The fix works for me too (Mac mini + magic mouse).
Thanks!

On pan the map zoom in and out. The Apple Magic Mouse is so sensitive. On mouseup the finger slides a little bit so I added a small delay before enabling scrollWheelZoom.

Created a workaround:

if (navigator.platform.indexOf('Mac') === 0) {
    map.on("mousedown", function () {
        map["scrollWheelZoom"].disable();
    });
    map.on("mouseup", function () {
        setTimeout(function () {
            map["scrollWheelZoom"].enable();
        }, 200);
    });
}

Comment: User reports that the workaround did not solve the problem. It was maybe a little better(?)

@SveinLoken This is not all about sensitivity. It's also about zoom events that continue to occur if you swipe on the surface of the Magic Mouse and then release the finger. That's like giving a regular scroll wheel a push and letting it spin. As long as the (virtual) wheel is spinning, zoom events continue to occur. This is called inertial scrolling on the Mac.

Inertial scrolling is causing the Jumpy zoom. To prove this, disable inertial scrolling on your Mac and try to zoom again.

https://github.com/d4nyll/lethargy is a Javascript library that can differentiate scroll events from intent and inertia. This should allow us to disable zooming from inertia.

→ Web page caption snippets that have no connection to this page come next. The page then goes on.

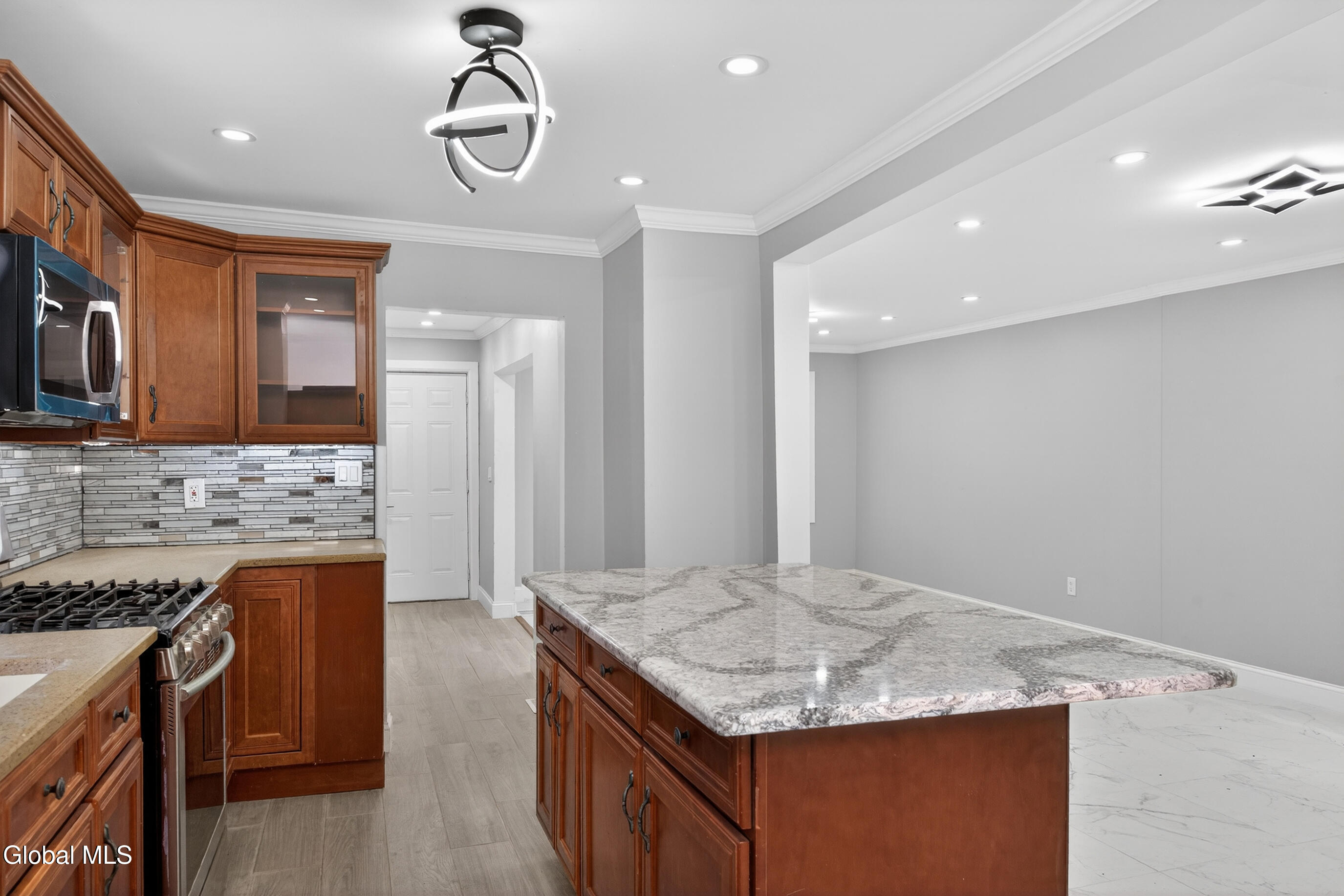 1684 Lake Boulevard Schenectady, NY 12304 - Photo 26 of 69 033-1684-Schenectady-NY-12304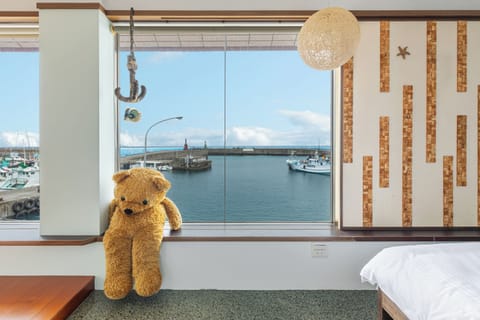 Deluxe Double Room with Sea View | Blackout drapes, free WiFi, bed sheets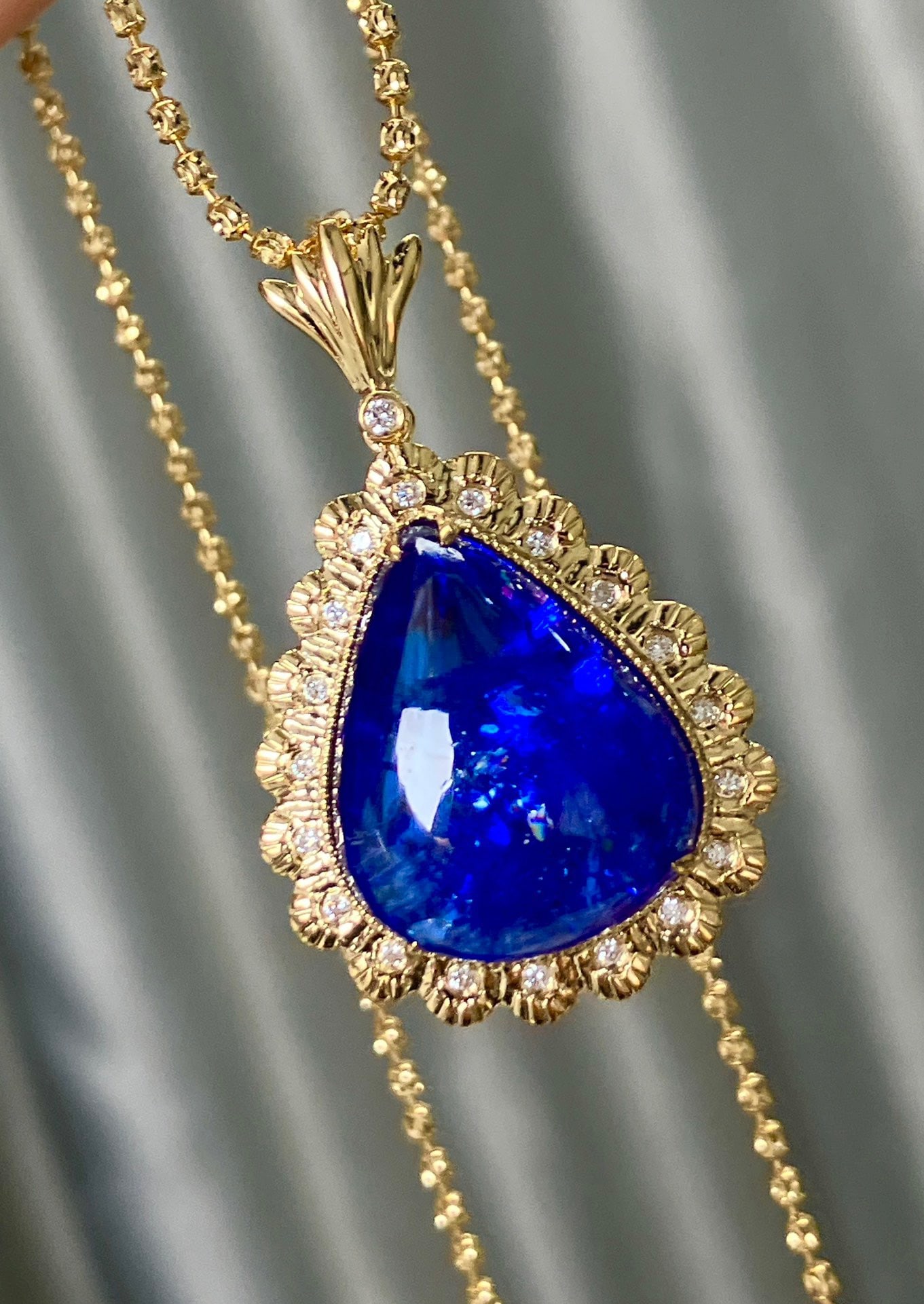 14K GOLD 18.24 CTW VIVID BLUE NATURAL TANZANITE & DIAMOND PENDANT: Title:14K GOLD 18.24 CTW VIVID BLUE NATURAL TANZANITE & DIAMOND PENDANT Description:Ref:230655095Gold Content:14K GoldMain Gemstone:TanzaniteNumber of stones:1Shape:PearCarat Weight:18.02ct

I gave it a go using Lethargy.

This is working for me too:

var lethargy = new Lethargy(7, 50, 0.05);
L.Map.ScrollWheelZoom.prototype._onWheelScroll = function (e) {
  L.DomEvent.stop(e);
  if (lethargy.check(e) === false) {
      console.log('stopping zoom events from inertia')
      return
  }
  var delta = L.DomEvent.getWheelDelta(e);
  if (delta <= -0.25) delta = -0.25;
  if (delta >= 0.25) delta = 0.25;
  this._delta += delta;
  this._lastMousePos = this._map.mouseEventToContainerPoint(e);

  this._performZoom()
}

This solution offloads the effort of detecting inertia scrolling to an external library. That's a good thing because that library will probably attract more developers.

Update: The ES6 / Webpack solution. Didn't need to reduce the delta at all btw.

import L from 'leaflet'
import { Lethargy } from 'lethargy'

const lethargy = new Lethargy(7, 50, 0.05)
const isInertialScroll = (e) => lethargy.check(e) === false

L.Map.ScrollWheelZoom.prototype._onWheelScroll = function (e) {
  L.DomEvent.stop(e)
  if (isInertialScroll(e)) return

  this._delta += L.DomEvent.getWheelDelta(e)
  this._lastMousePos = this._map.mouseEventToContainerPoint(e)
  this._performZoom()
}

Thank you @devotis , this is awesome! You're example worked beautifully. I did find both the default values and the ones you use to drop a few too many events, so I dialed it down to 7, 10, 0.05 which works well for me. Might be a personal preference.